Please consider the following PIG data:

search_values = FOREACH raw_search GENERATE
                search_id,
                user_id,
                param_name,
                param_value;

describe search_values;
search_values: {search_id: int,user_id: int,param_name: chararray,param_value: chararray}

dump search_values;
(1, 1, location, San Francisco)
(1, 1, type, Commercial)

There could be multiple records for each search_id/user_id combination; thus, I'm grouping the records later in the code. However, I'm only interested in two specific param_names - 'location' and 'type': filtered = FILTER search_values by (param_name == 'type' or param_name == 'location');

In theory, there is always a row with 'location' and a row with 'type'; however, there are instances where 'type' is not there; therefore, I need to substitute it with 'All' (later).

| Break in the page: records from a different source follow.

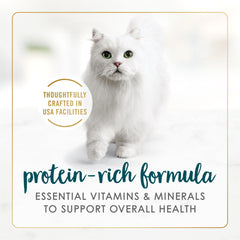 Fancy Feast Grain-Free Wet Cat Food Pate with real salmon and shrimp, high-protein option.
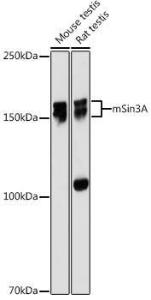 Western blot analysis of extracts of various cell lines, using Anti-mSin3A Antibody [ARC0745] (A309217) at 1:1,000 dilution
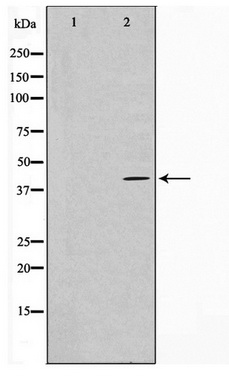 Western blot analysis on HuvEc cell lysate using PRDM12 Antibody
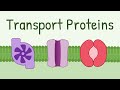 Transport Proteins and Mechanisms
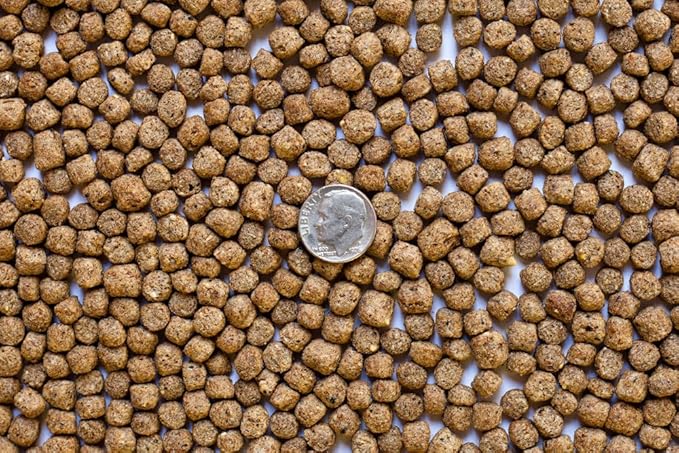 America's Best Koi Food 32% Premium Protein Floating Pond Pellets for Large Koi Pond Freshwater Fish 20 lb Bag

I know that the easiest way to do that is to split the data by param_name and then (OUTER) join by the search_id; however, I would like to utilize the power of bags in PIG.

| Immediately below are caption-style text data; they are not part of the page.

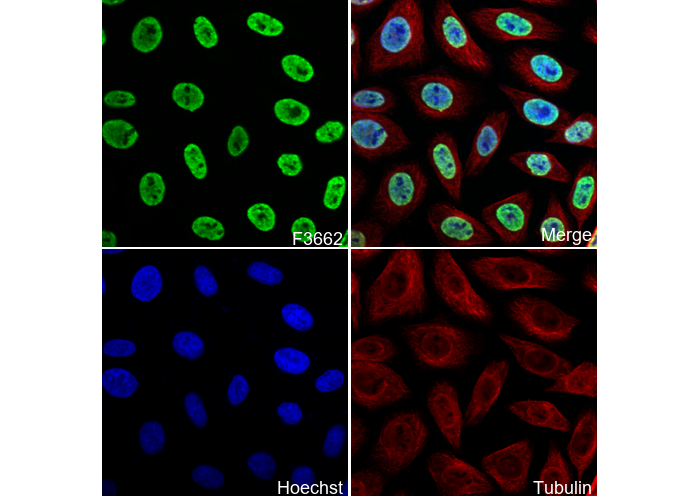 KHSRP Antibody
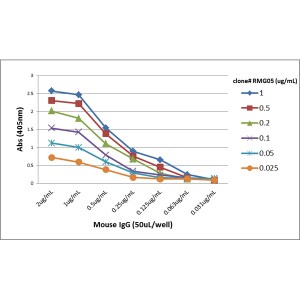 IgG F(ab) Antibody (RMG05) [Biotin]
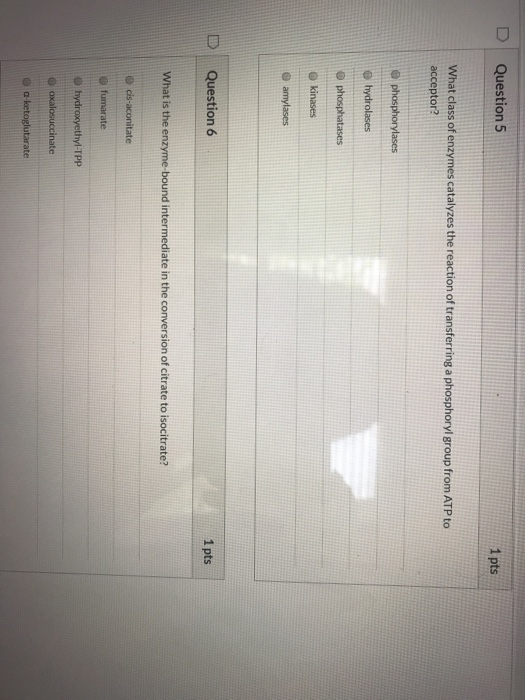 Solved D Question 3 1 pts Which enzyme is the link between | Chegg.com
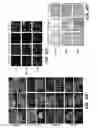 Fig. 30 - GENERATION OF MALE GERM CELLS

I've tried various approaches to using bags, convert bags to maps to no avail:

maps = FOREACH filtered GENERATE search_id, user_id, TOMAP(param_name, param_value) as tomap_values;
group_map = group maps by (search_id, user_id);
grouped = FOREACH group_map GENERATE 
                group.$0 as search_id,
                group.$1 as user_id,
                maps.tomap_values as map_bag;

The problem here is the map_bag is a map inside a bag and I am unable to extract values from it using map_bag#'type' or map_bag#'location'.

describe grouped:
{search_id: int,user_id: int,map_bag: {(tomap_values: map[])}}

If I try something like the following, I'm getting an error message:

mapped = FOREACH grouped
                    GENERATE
                    search_id,
                    user_id,
                    map_bag.tomap_values#'type',
                    map_bag.tomap_values#'location';
ERROR 1052: Cannot cast bag with schema :bag{:tuple(tomap_values:map)} to map with schema :map

The desired outcome should be

(search_id, user_id, type, location)
(1, 1, Commercial, San Francisco)

Any help resolving this would be greatly appreciated!

1

1 Answers

0
votes

Try using a FLATTEN to take the map out of the bag.